#### [Task]
What must be written out is each line from the one holding "Hot Wheels METRO" through the end of the records, word for word, minus any pictures.

Brief descriptive captions
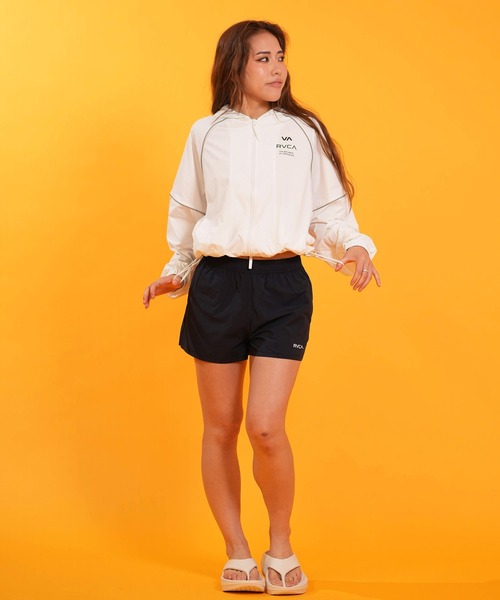 RVCA(ルーカ)の「RVCA/ルーカ ナイロン ジャケット パイピング スポーティー セットアップ対応 UTILITY SPORT JACKET BG043751 UT(パーカー・レディース・ブラック/ライトブルー/ホワイト・S/M)」の9枚目の写真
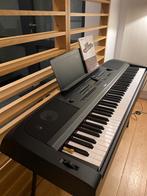 Piano digital Yamaha DGX 670 comme neuf, Muziek en Instrumenten, Keyboards, Ophalen, Zo goed als nieuw, Yamaha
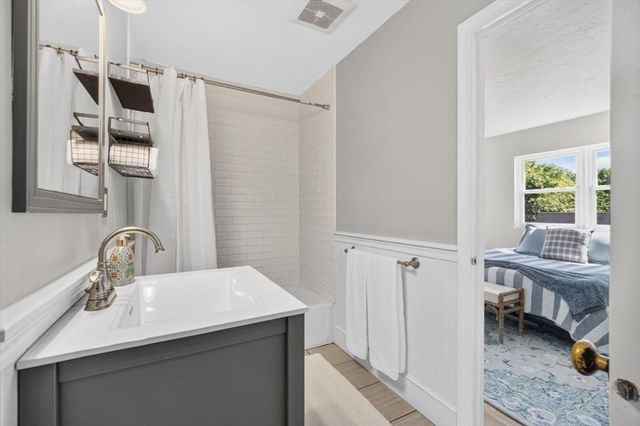 46 Tinson Rd 9, Quincy, MA 02169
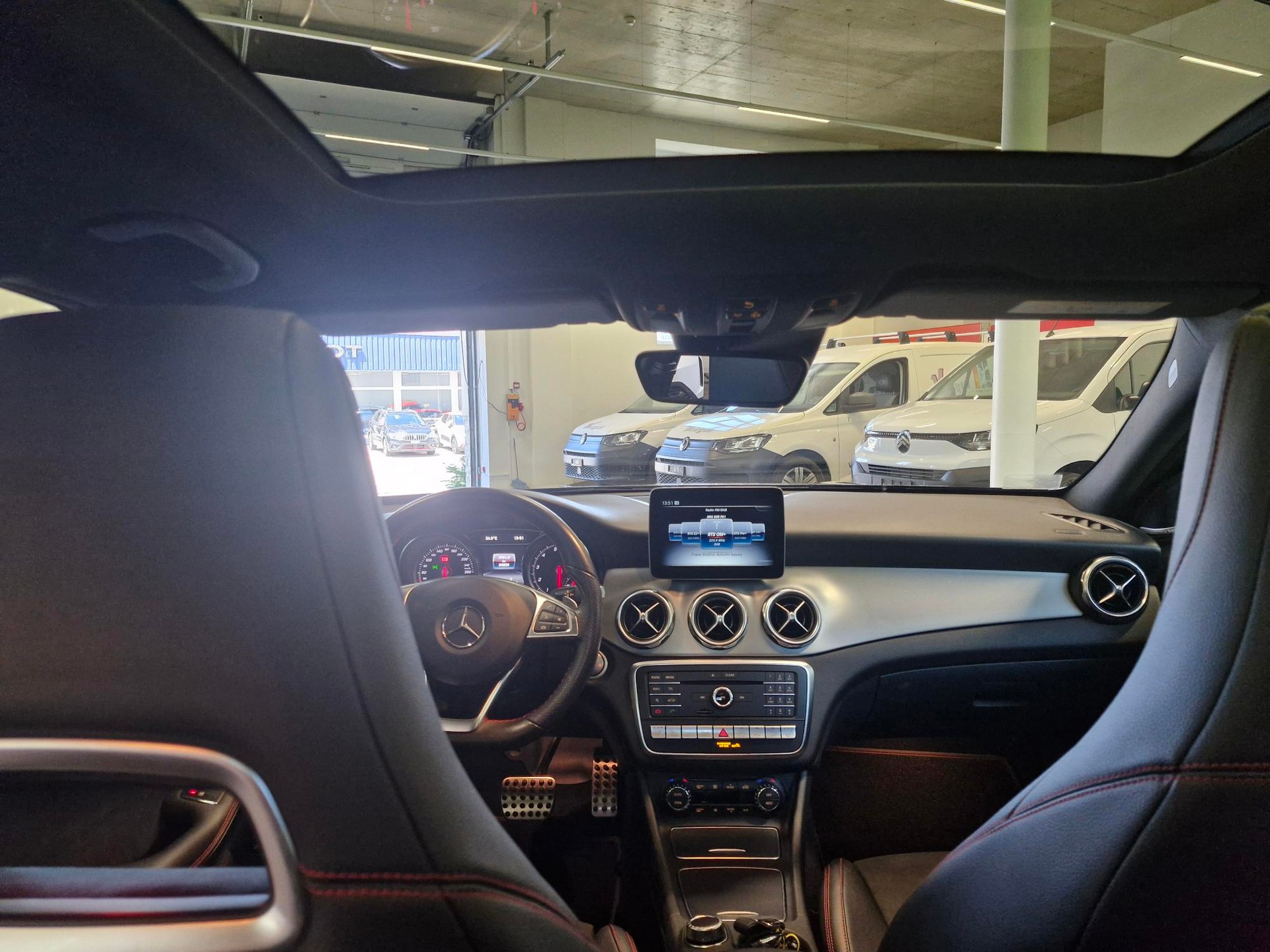 MERCEDES-BENZ GLA 250 AMG Line 4Matic 7G-DCT-image-5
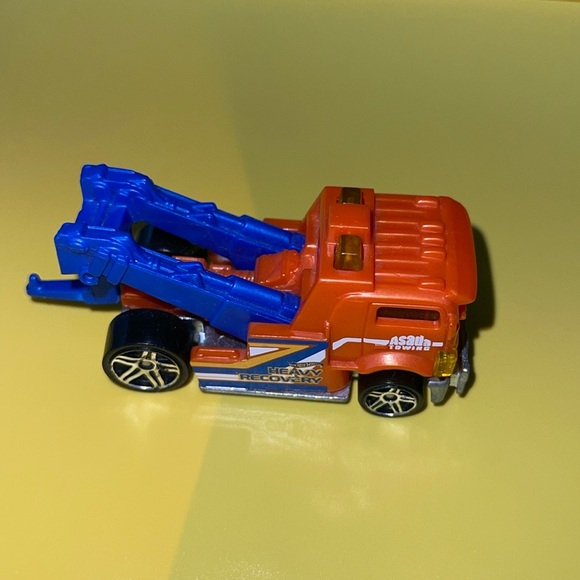 Hot Wheels METRO NEW FOR 2019 Heavy Hitcher 5/10 - Picture 1 of 5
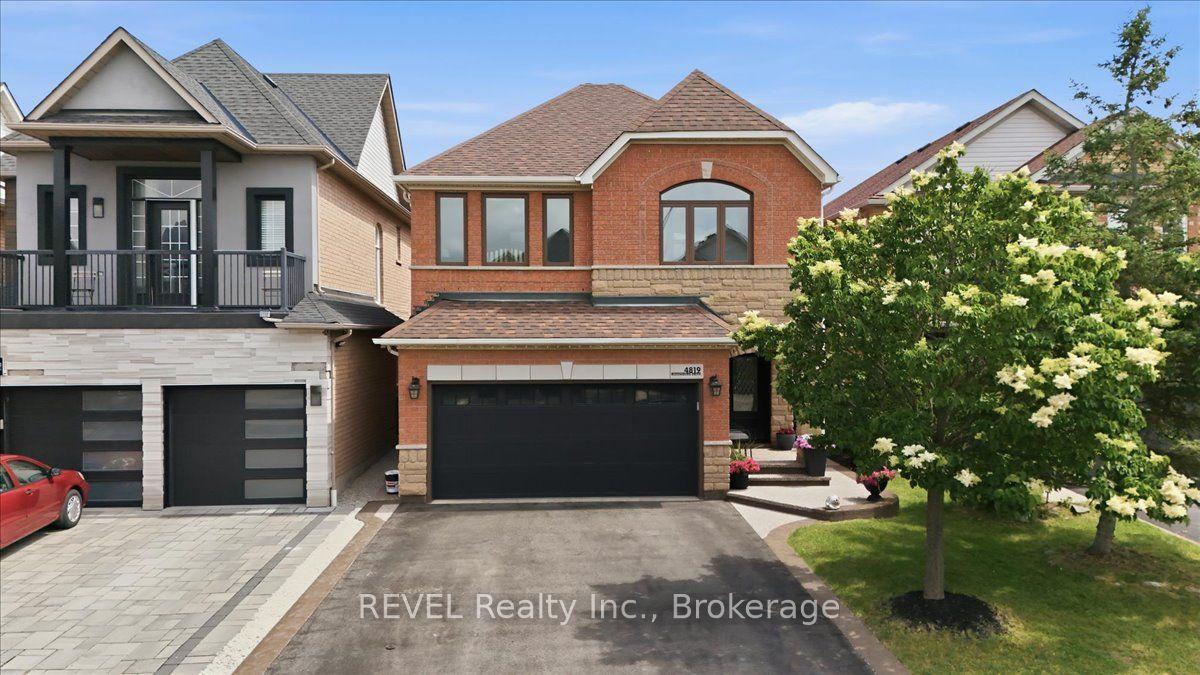 4819 Bloomburg Drive — photo 1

#### [Task answer]
 Hot Wheels METRO NEW FOR 2019 Heavy Hitcher 5/10 - Picture 1 of 5
 4819 Bloomburg Drive — photo 1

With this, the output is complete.